Book lovers love books about other book lovers. After all, we share the reading life in common: its challenges, its delights, its unique common language. Websites like Redeemed Reader exist partly to help parents and educators promote the reading life with their children and students!
Our “Literary Nightstand” series features all sorts of books about books, but the four titles below are uniquely about the reading life itself: the books that shaped these authors, the ways they’ve managed to find time to read, the ways in which books have shaped their lives–including their spiritual lives. Interestingly, the first three were all published one year ago this month. The fourth is now out of print, but well worth trying to track down. Each of these four authors argues that the reading life is worth cultivating and, perhaps most importantly, the reading life will change an ordinary life into something greater.

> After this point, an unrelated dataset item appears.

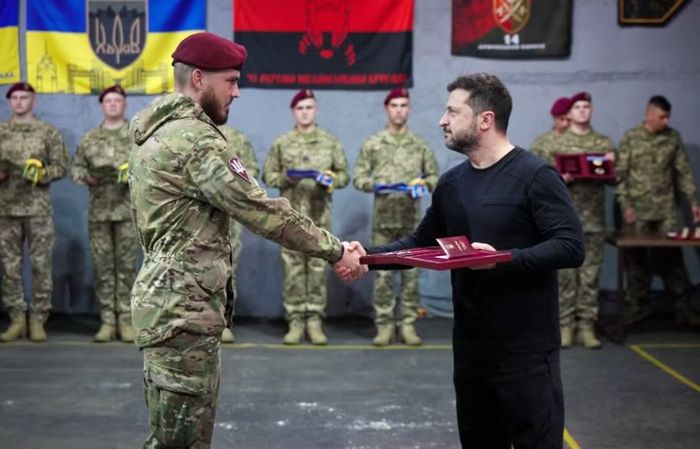 Tổng thống Zelensky thăm các binh sĩ tham gia chiến dịch Vivaldi ở Lyman, nơi lực lượng Ukraine đã giành lại được một số vùng lãnh thổ. Ảnh: Văn phòng Tổng thống Ukraine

4 Books About the Reading Life: a Literary Nightstand Round-Up
Book Girl: A Journey Through the Treasures & Transforming Power of a Reading Life by Sarah Clarkson. Tyndale Momentum, 2018. 288 pages.
Clarkson celebrates all the best parts of being a “book girl” in this bibliographic memoir:
Gifts of learning and wonder, of hope renewed, of the capacity to ponder, of the will to act–these are just a few of the gifts to be explored … as we consider the particular goodness of being a book girl.Clarkson, Book Girl p. xii
From this earnest beginning, Clarkson dives into 10 ways books influence our lives, particularly our emotional, mental, and spiritual lives. Books build character, impart hope, and help us see the wonder around us (and so much more!). Fellow bibliophiles will especially love the plentiful booklists that appear in each chapter, echoing the chapter’s particular focus: “The Books We’ve Shared: My Family’s Favorite Read Alouds” or “The Holy War: Books That Taught Me to Pray.” Book Girl is primarily annotated book lists accompanied by Clarkson’s reflective essays on particular themes and categories of books. Bibliophiles who are eager for more book lists (aren’t we all?!) and who enjoy reading personal reflections on the reading life will appreciate this title.

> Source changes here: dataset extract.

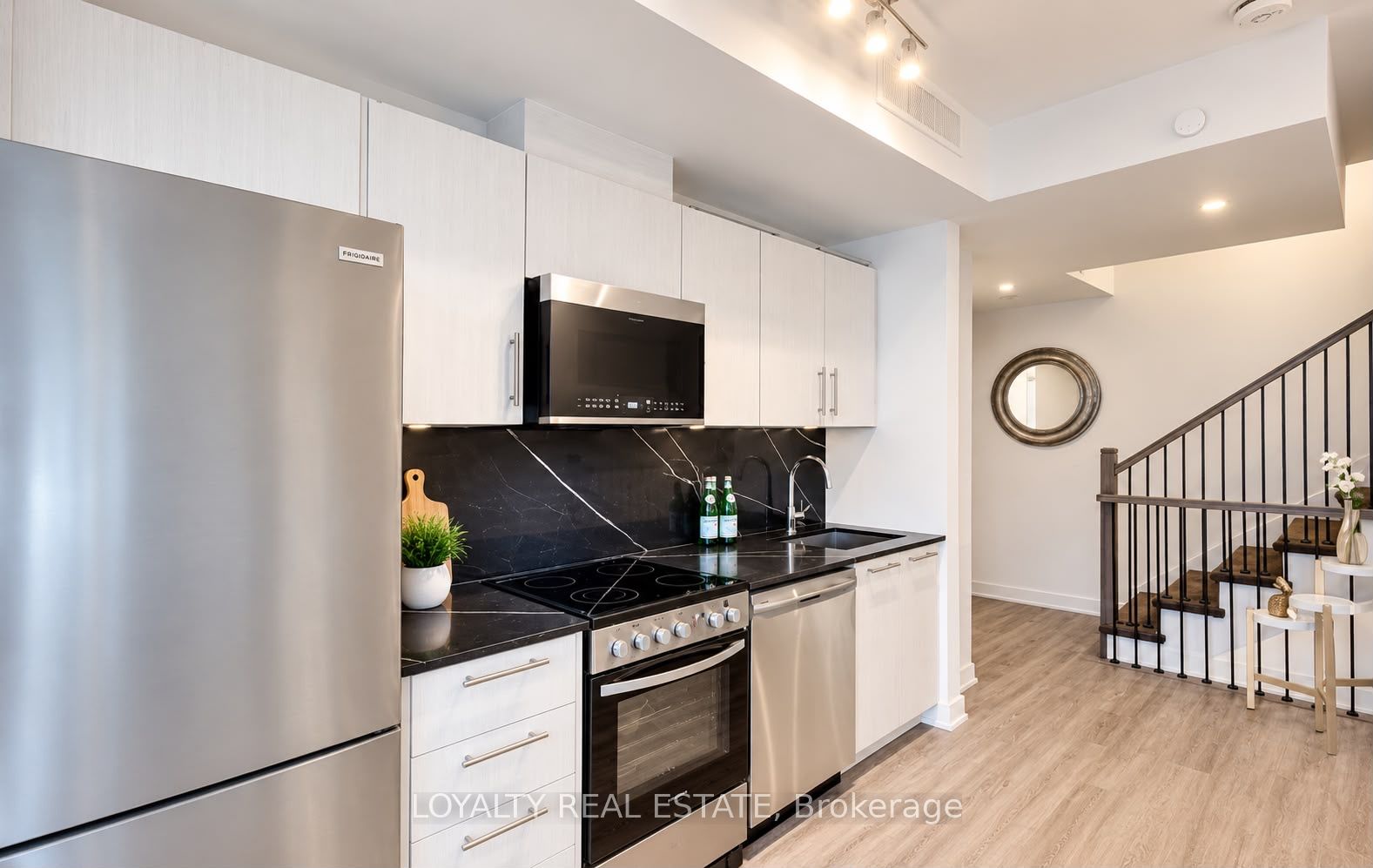Unit 28 - 861 Sheppard Avenue W, North York 4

On Reading Well: Finding the Good Life Through Great Books by Karen Swallow Prior. Brazos Press, 2018. 272 pages.
We used Prior’s Booked as a teen/adult read-along title a few years ago; in that book, Prior urges readers to read promiscuously: indiscriminately, widely. On Reading Well turns that around a bit as Prior urges readers to read slowly and deeply. She is quick to point out that only the best books hold up to the close reading she is recommending. Prior’s introduction is an excellent defense for reading well, not just reading widely. Reading well means reading excellently, in pursuit of virtue; Prior goes on to illustrate how this looks through the lens of 12 classics, each of which is associated with a particular virtue. The 12 classics are the following: Tom Jones, The Great Gatsby, A Tale of Two Cities, The Adventures of Huckleberry Finn, Silence, The Road, The Death of Ivan Ilych, Ethan Frome, Pilgrim’s Progress, Persuasian, “Tenth of December” by George Saunders, and both “Revelation” and “Everything That Rises Must Converge” by Flannery O’Connor. Readers who want to make the most of Prior’s book will probably want to read (or re-read) these titles because there are spoilers! Meaty, rich, and a book itself that must be read slowly, On Reading Well is a good fit for bibliophiles who want to dig deep into the reading life.

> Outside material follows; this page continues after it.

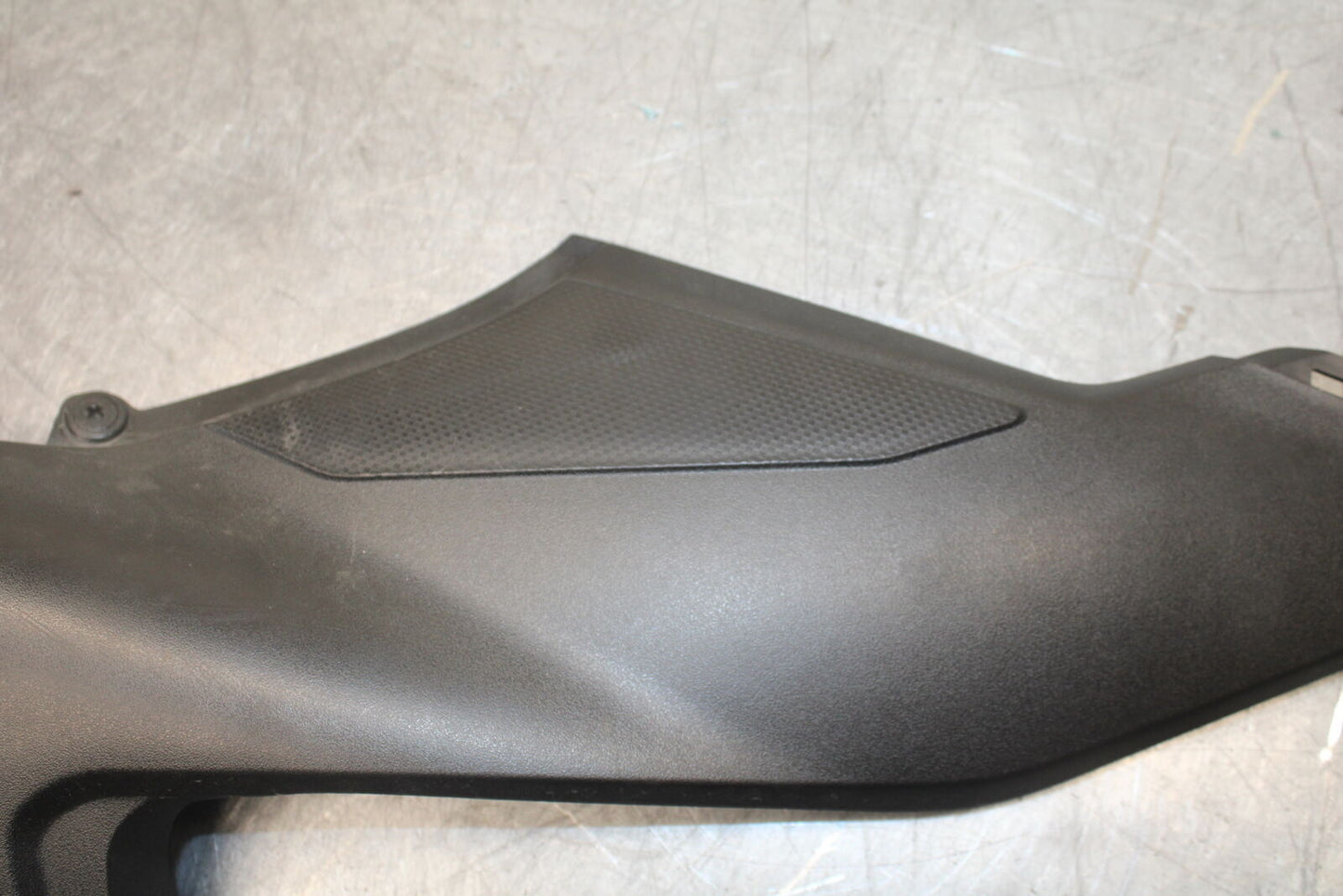 17-24 SUZUKI SV650 RIGHT GAS TANK FUEL CELL PANEL COVER TRIM COWL BB706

I’d Rather Be Reading: The Delights and Dilemmas of the Reading Life by Anne Bogel. Baker Books, 2018. 160 pages.
Anne Bogel is Modern Mrs. Darcy–maybe you’ve heard of her? This is her second book, and it celebrates all things related to the reading life. A quick, light-hearted read, this is for the typical bookworm. Not as spiritually significant as the other titles on this list, I’d Rather Be Reading is a fun collection of personal essays about one reader’s experience that somehow unites all bookworms’ experiences. After reading it, we know Anne gets it: she gets the library fees, the piles of books strewn about the house, the books that make us cry, the books that mean much to us at certain times in our lives, the ways in which we change as readers. This is a small hardback, and it would make a nice little gift for someone who’s a reader but already has all the books!
Bequest of Wings: A Family’s Pleasures with Books by Annis Duff. Viking Press, 1944 (out-of-print).
We rarely review out of print books because they are hard for our readers to track down; when we make an exception, that means it is a title worth tracking down! Think of this book, Bequest of Wings, and its companion, Longer Flight, as “OOPS” books (out-of-print-specials). Bequest of Wings is a memoir of a family who delighted in and celebrated books with their children from birth onwards. Plenty of book titles sprinkle the pages, but the real gift is the peek into a fellow bibliophile’s experience with bringing all things reading into the life of the family: quoting poetry, visiting the library, reading stories together. A book published in the 1940s might seem quaint, but the lifestyle described is one many of us still practice–or long to practice. A great gift for new parents in particular, this is a title for book lovers who want to meet a new friend in the form of a book. You will want to put the book down at the end of each chapter and practice something in it right away–or simply hunt down a favorite children’s story you remember from your own childhood.